**YOUR GOAL**. Without the pictures, return each record as it appears.

Pictures with short captions
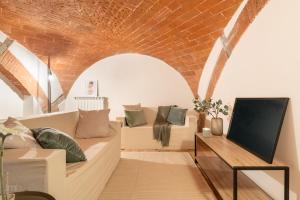 ein Wohnzimmer mit einem Sofa und einem TV in der Unterkunft Fortezza Apartment in Florence in Florenz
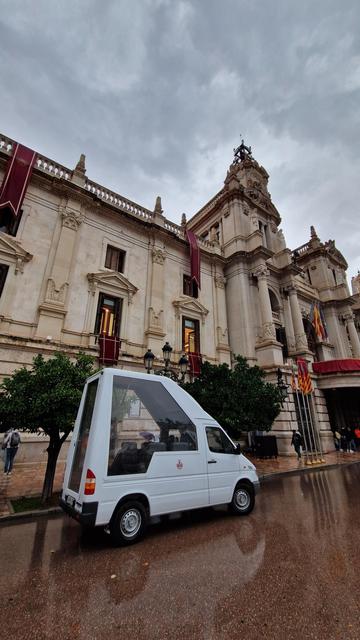 high roofed van with glazed area to transport a flag standing vertically. in front of Valencia City Hall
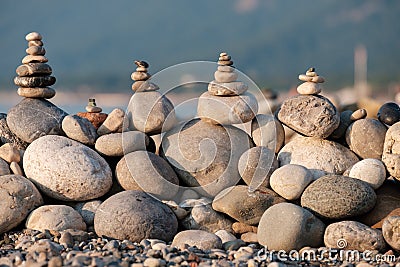 Pebbles on the beach collected in pyramids stones lie one on top of the other balance and harmony Stock Photo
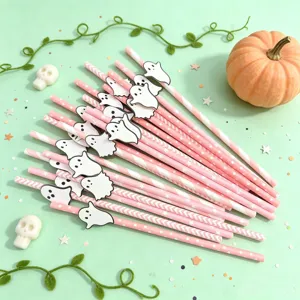 Detailed view of Halloween pink paper straws with cute ghost cutouts for party table decor.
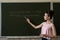 college female student writing on blackboard completing mathematical equations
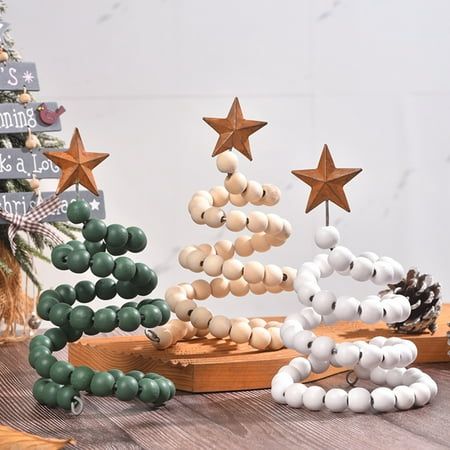 a christmas tree made out of wooden beads on a table next to other holiday decorations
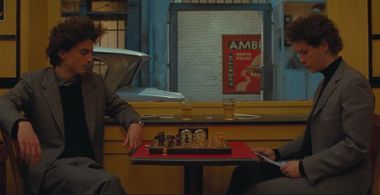 Mohamed Belhadjine and Timothée Chalamet in The French Dispatch (2021)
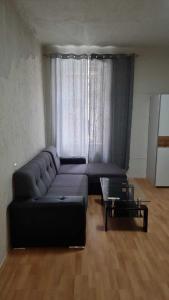 a living room with a black couch and a glass table at Premier Double room MZ in Vienna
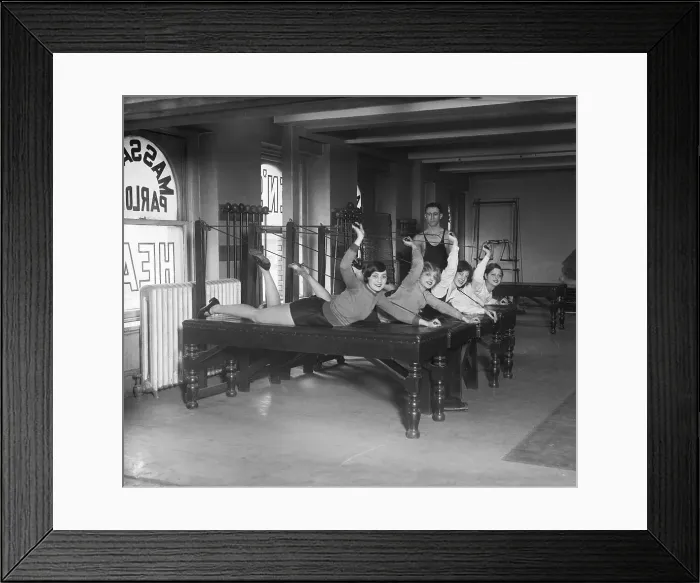 Framed Print : Women Doing Excercises At Gym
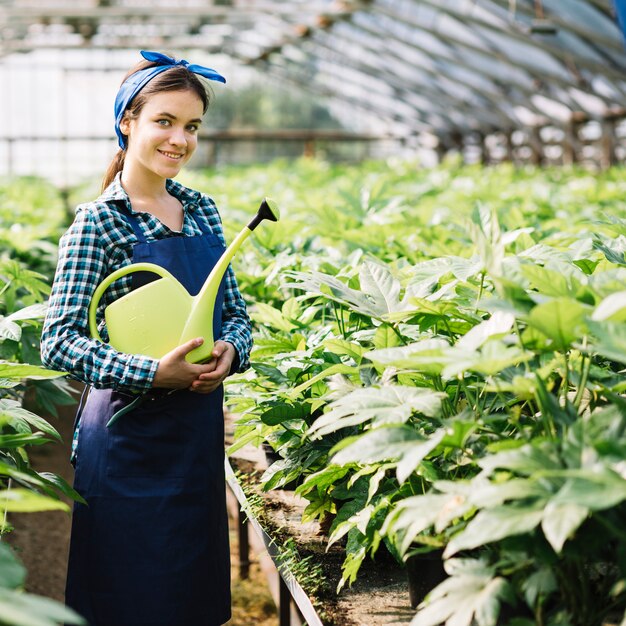 Portrait of a happy female gardener holding watering can in greenhouse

**ANSWER BOX**.
 ein Wohnzimmer mit einem Sofa und einem TV in der Unterkunft Fortezza Apartment in Florence in Florenz
 high roofed van with glazed area to transport a flag standing vertically. in front of Valencia City Hall
 Pebbles on the beach collected in pyramids stones lie one on top of the other balance and harmony Stock Photo
 Detailed view of Halloween pink paper straws with cute ghost cutouts for party table decor.
 college female student writing on blackboard completing mathematical equations
 a christmas tree made out of wooden beads on a table next to other holiday decorations
 Mohamed Belhadjine and Timothée Chalamet in The French Dispatch (2021)
 a living room with a black couch and a glass table at Premier Double room MZ in Vienna
 Framed Print : Women Doing Excercises At Gym
 Portrait of a happy female gardener holding watering can in greenhouse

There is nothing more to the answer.